Task instructions: From the entries below, gather each line containing the word "ngày".

Available data:
##############################

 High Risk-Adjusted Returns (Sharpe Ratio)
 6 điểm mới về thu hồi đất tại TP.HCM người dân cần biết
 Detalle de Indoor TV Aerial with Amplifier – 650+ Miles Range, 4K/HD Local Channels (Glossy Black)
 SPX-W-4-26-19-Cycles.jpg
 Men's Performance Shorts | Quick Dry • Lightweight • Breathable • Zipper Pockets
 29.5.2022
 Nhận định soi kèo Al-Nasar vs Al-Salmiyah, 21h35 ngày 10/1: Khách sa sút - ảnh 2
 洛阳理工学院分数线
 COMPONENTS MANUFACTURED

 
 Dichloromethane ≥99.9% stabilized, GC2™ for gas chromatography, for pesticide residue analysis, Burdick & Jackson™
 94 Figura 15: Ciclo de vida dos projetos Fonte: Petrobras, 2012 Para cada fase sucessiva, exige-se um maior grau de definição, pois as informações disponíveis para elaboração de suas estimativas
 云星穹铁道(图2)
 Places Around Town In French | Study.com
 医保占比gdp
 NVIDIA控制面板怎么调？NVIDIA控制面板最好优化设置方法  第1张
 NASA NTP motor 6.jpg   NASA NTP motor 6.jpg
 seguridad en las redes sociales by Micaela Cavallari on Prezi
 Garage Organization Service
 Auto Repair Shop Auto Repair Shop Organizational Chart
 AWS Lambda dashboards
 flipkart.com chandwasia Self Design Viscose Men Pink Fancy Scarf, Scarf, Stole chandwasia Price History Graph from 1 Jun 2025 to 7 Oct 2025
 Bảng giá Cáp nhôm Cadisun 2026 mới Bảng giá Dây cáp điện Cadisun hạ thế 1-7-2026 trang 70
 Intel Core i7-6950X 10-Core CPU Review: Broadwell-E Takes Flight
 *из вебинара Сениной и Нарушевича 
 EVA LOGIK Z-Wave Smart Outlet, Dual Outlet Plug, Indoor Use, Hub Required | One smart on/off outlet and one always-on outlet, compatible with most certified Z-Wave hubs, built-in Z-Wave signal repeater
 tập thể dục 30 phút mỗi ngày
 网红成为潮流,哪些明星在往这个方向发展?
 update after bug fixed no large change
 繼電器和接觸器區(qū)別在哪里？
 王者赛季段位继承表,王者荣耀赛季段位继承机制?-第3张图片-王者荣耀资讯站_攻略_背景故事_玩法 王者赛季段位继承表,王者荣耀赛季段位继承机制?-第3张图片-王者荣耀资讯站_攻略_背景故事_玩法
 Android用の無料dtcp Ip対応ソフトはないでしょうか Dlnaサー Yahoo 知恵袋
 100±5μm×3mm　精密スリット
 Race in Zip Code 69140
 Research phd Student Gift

##############################

Response to the exercise:
 Nhận định soi kèo Al-Nasar vs Al-Salmiyah, 21h35 ngày 10/1: Khách sa sút - ảnh 2
 tập thể dục 30 phút mỗi ngày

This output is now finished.